First, I have to point out that "chains" have changed. For senior high school students, they were under explicit compulsions—to receive intense training catering to the exam-oriented education, with a lot of homework and exams. Numerous students were cajoled into yearning for a free and colorful college life in which the compulsions are becoming more implicit.
Can we say a person is free when he or she uses a smart phone without fear of being caught by parents and teachers? Some senior high school students would say yes because they don't know the smartphone could be a surveillant device. All college students are required to install a bunch of apps on smartphones, these apps, in my opinions, are Eyes of Power, students will lose credits if they don't reach the required viewing and learning time on those apps every day.
Second, instead of leading a relaxing life, the red tape will twist around students tightly. From clubs to Student Union, altogether its departments, are full of excessive, rigid and redundant rules and standards, not to mention teachers' offices. For example, I was told that some teachers and classmates were discontent with me just because I didn't greet them politely when we met. Here I could explain: I'm an introverted person when I am not with acquaintances, I love reflecting even while I am walking, and my schedule is always full. Something coming from the red tape put me into deep meditation: if you want to ask for leave, you need to ask for permissions, the longer leave you want to ask, the more teachers' permissions are required.

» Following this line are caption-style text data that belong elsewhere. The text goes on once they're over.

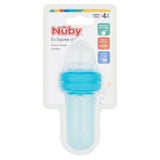Nuby Fresh Food Feeder 4+ Months Infant Feeder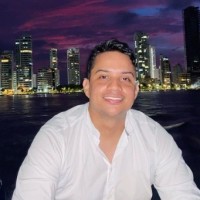 Cristian Barrios Rohenes
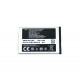 Bateria Samsung Duos GT-C6112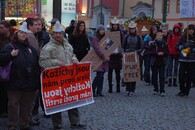 Světový den bez kožešin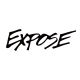 EXPOSE-MY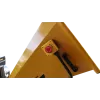 Измельчитель бензиновый CHAMPION CH1211E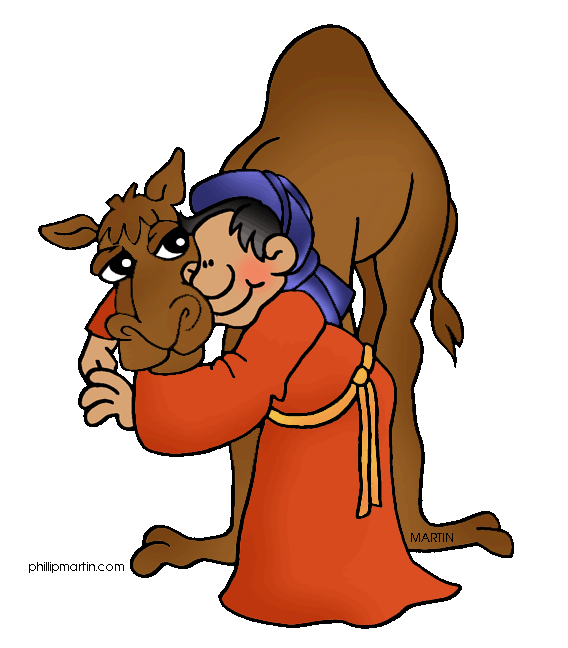 Arabian man riding camel clipart free design download - Cliparting.com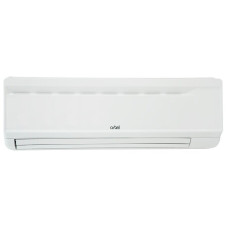 Настенная сплит-система Artel ART 09HG Настенная сплит-система Artel ART 09HG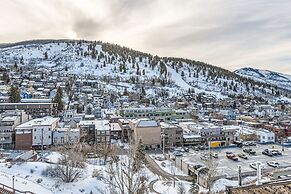 311 Ontario Mountain Majesty 5 Bedroom Home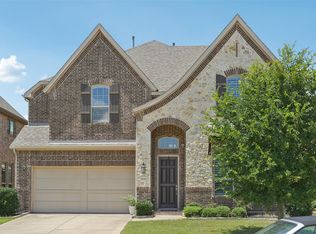6209 Verbena Ln, Irving, TX 75039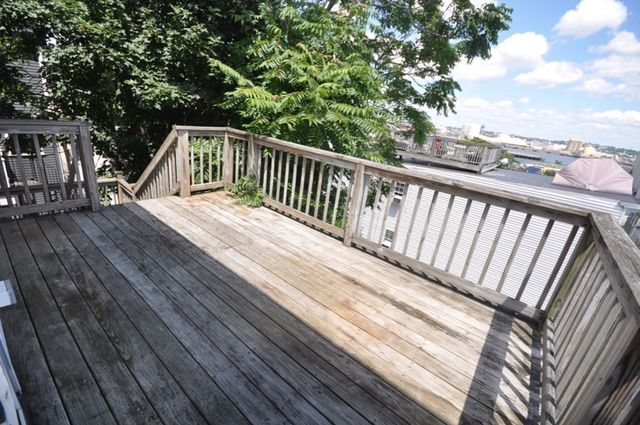 34 Allston 3, Boston, MA 02129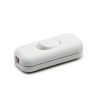 https://design-led.fr/ Interrupteur Bi-polaire Blanc 3,20&nbsp;€ 3,20&nbsp;€ INTRFBB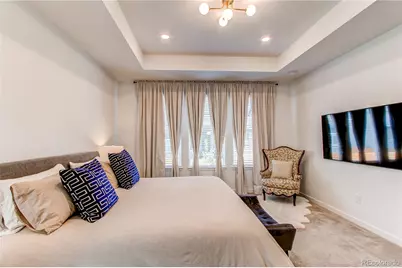 24197 E Ada Avenue, Aurora, CO 80018 - Photo 23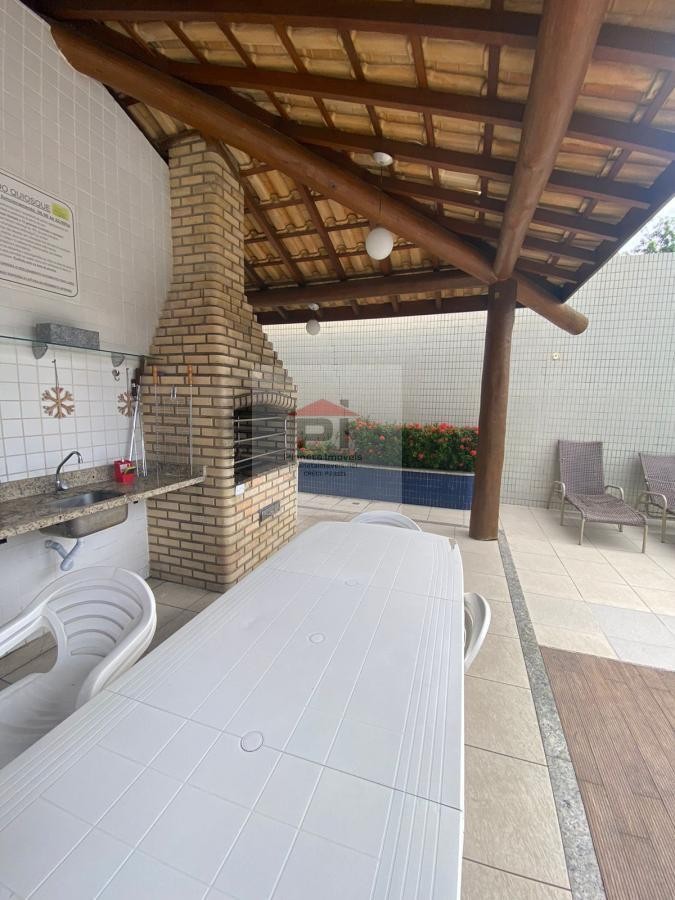 Apartamento à venda com 3 quartos, 74m² - Foto 14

Third, students are captured by "the Other" in droves. They endorse school's decisions and actions blindly. Being students with blind loyalty, they use empty signifiers to create an illusion beyond the reality, especially those who have chosen to be mouthpieces of school—such as one of my classmates. I corrected her composition in our Japanese writing class. The composition was definitely translated by machine, but it gave a general idea of its content. She made no mention of Japanese for her future job so I don't think she's interested in Japanese at all. In an article she wrote for the school's media hub WeChat official account, she painted a beautiful illusion: a student got up gracefully, washed and dressed, enjoyed the beautiful scenery while walking towards the canteen, had delicious breakfast, took a warm bag of soybean milk to the classroom, studied while drinking. But that's merely the life of a few bourgeois! What about the proletariat? Here is another picture to portray a student's authentic routine life.
A student struggled to get up, feeling amazingly sleepy. It was too late to wash when he got dressed, so he hurried downstairs. He had no choice but to go to the worst canteen in our school because there was not enough time to get to the best one in 10 minutes' walk. He ate monotonous and unpalatable breakfast, went to the teaching building, queued for check-in, walked into the classroom, and made a weak voice in the morning reading class.
The saddest thing is that a person who lives in the illusion, is still contributing to a bigger illusion in a good mood. Those ordinary subjects have only interpreted the world in various ways and created lots of beautiful illusions based on it. It is bound to fall apart like a house of cards. The point, however, is to change it.